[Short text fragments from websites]
■ ■ ■ ■ ■ ■ ■

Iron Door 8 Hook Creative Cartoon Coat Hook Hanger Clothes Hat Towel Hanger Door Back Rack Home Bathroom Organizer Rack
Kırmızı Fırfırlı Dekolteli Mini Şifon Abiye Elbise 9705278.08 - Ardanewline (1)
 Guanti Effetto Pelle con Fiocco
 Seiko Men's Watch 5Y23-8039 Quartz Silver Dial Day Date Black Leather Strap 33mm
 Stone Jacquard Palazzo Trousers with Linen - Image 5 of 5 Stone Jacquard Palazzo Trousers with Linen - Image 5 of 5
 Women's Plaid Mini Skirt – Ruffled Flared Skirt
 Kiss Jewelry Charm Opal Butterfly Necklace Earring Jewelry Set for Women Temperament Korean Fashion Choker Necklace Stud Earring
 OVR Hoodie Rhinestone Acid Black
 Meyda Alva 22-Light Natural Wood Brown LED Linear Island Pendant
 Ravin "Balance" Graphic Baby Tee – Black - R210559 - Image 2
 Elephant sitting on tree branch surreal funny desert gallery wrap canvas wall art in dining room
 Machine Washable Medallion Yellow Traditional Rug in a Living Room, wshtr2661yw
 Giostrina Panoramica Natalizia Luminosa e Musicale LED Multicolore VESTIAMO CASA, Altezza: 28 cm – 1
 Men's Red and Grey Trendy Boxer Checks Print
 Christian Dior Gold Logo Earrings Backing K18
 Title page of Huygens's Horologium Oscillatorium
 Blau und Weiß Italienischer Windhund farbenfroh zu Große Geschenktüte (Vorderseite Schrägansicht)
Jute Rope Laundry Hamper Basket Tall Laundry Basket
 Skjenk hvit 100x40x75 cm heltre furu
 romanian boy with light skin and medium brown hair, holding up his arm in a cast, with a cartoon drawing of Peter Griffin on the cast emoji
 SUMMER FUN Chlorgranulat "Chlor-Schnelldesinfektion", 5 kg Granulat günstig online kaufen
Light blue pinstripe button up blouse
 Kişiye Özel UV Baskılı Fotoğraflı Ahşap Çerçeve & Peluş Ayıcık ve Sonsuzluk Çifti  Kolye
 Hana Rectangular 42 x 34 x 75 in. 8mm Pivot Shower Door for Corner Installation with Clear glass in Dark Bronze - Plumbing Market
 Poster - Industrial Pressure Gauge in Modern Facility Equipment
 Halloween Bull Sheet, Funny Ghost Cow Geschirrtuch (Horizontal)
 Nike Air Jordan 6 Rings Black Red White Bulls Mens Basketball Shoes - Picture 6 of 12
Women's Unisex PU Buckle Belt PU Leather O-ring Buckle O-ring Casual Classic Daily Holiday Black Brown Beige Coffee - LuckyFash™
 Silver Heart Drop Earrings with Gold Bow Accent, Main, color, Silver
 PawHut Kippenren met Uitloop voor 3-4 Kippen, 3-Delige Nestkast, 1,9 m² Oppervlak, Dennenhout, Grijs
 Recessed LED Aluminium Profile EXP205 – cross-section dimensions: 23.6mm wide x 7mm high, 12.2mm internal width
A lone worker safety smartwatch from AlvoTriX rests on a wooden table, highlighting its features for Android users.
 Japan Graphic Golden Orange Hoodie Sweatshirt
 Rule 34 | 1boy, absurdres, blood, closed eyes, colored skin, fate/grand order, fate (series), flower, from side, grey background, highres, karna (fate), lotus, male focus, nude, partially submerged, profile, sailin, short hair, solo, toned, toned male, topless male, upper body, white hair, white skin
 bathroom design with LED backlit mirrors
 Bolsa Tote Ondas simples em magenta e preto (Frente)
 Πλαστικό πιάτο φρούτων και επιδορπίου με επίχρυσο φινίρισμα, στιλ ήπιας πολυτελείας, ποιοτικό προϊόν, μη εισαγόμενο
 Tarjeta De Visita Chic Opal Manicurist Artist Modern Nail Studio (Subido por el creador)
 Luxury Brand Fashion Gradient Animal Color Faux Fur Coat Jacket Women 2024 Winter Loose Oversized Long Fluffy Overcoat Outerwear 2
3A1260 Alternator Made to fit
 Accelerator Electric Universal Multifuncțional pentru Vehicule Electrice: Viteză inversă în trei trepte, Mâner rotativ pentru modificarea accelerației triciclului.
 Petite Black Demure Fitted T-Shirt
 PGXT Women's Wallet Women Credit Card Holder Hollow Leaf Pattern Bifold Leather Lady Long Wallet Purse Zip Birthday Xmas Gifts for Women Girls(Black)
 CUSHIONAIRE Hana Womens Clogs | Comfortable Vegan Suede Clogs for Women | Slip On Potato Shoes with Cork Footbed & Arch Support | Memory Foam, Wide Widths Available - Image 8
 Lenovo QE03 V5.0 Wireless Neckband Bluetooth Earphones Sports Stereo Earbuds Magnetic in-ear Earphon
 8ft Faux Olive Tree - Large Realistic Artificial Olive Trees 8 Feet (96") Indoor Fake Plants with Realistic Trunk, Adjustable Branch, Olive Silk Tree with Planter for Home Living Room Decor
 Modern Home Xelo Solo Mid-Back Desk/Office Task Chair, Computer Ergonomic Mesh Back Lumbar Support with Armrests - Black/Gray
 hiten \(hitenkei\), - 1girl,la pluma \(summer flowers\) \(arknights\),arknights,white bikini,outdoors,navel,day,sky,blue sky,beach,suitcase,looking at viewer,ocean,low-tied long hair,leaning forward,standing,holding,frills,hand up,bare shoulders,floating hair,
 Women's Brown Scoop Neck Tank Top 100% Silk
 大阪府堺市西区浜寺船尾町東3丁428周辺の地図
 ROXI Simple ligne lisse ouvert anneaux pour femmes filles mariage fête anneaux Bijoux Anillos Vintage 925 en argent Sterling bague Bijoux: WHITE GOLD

■ ■ ■ ■ ■ ■ ■

Exercise brief => Go line by line through the data and copy any that contain "Opal".

Response to the exercise =>
 Kiss Jewelry Charm Opal Butterfly Necklace Earring Jewelry Set for Women Temperament Korean Fashion Choker Necklace Stud Earring
 Tarjeta De Visita Chic Opal Manicurist Artist Modern Nail Studio (Subido por el creador)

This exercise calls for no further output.